A speeding motorist was caught gesticulating at a speed camera while holding a mobile phone in the other hand during a police crackdown.
Police say they were astounded by some of the incidents
Officers also clocked a mother with two young children in her car driving at almost double the speed limit last week during national No Speeding Day.
A total of 1,644 drivers were detected during the campaign on April Fools Day, a fall of 250 on last year's figure.
Police said some of the incidents had been "quite frightening".
The campaign was led by Ian Dickinson, the assistant chief constable of Lothian and Borders Police, and vice-chairman of the Association of Chief Police Officers in Scotland's road policing standing committee.
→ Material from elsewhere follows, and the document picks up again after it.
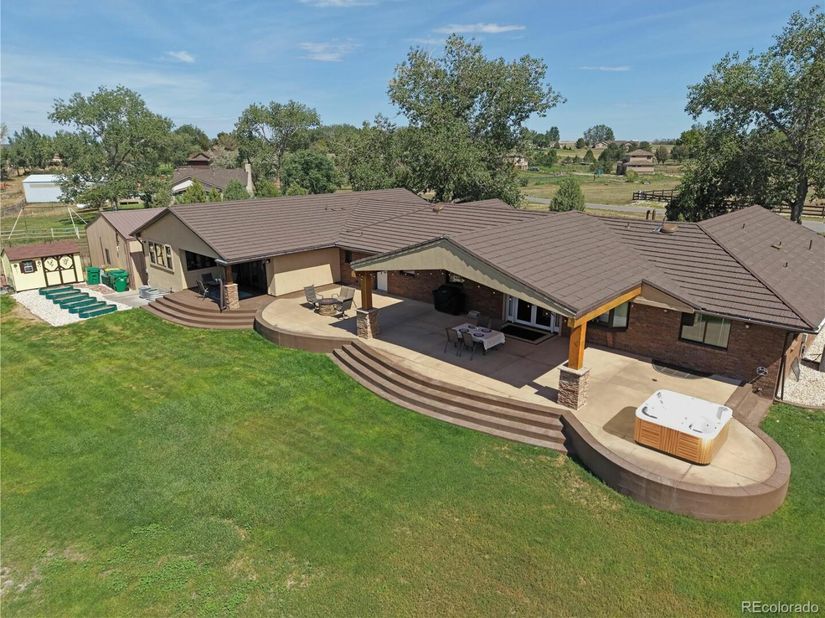 11475 Lewistown Street, Commerce City CO 80022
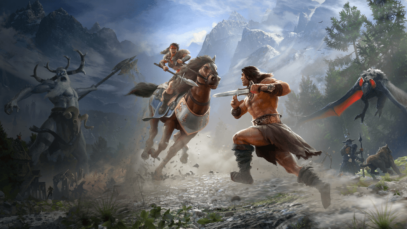 Conan Exiles Complete Edition Free Download Unfitgirl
He said: "What many of the public don't realise is that more people died on Scotland's roads in 2002 than were the victims of murders - 305 people died on
our roads compared to 127 murder victims.
"That is why we welcome the attention being given to improving road safety today.
"Trying to reduce the number of people killed or seriously injured on our roads is an area where everyone can make a difference.
"Whether it's by slowing down by a few miles an hour, wearing your seatbelt at all times or leaving your car at home if you are going out in the evening for a few drinks."
He said a man was captured gesticulating at a mobile speed camera in Tayside while also using his mobile phone.
"This meant he wasn't holding the steering wheel whilst travelling at 50mph - it's just crazy," he said.
"On the same day a woman was detected in the Strathclyde area driving at 90mph in a 50mph limit with two young children in the vehicle.
"These examples show that there are some motorists who have no concept of the dangers they put themselves and other motorists in."
The World Health Organisation (WHO) has dedicated this year's World Health Day to reducing road deaths, a move backed by Scotland's eight police forces.
Transport Minister Nicol Stephen took part in the Scottish launch of World Health Day at Hampden Park in Glasgow.
There are concerns over traffic speeds near rural schools
He announced the approval of guidelines for the introduction of 20mph zones outside schools.
The zones would particularly benefit rural schools as speed limits were often above 40mph, Mr Stephen said.
The guidance recommends installing advance warning signs of the new speed limit and low-cost part-time signals.
"Parents, teachers and pupils all want safer streets around our schools," said the minister.
"We have listened to their concerns, particularly from our rural communities where fast moving traffic outside schools can be a real concern."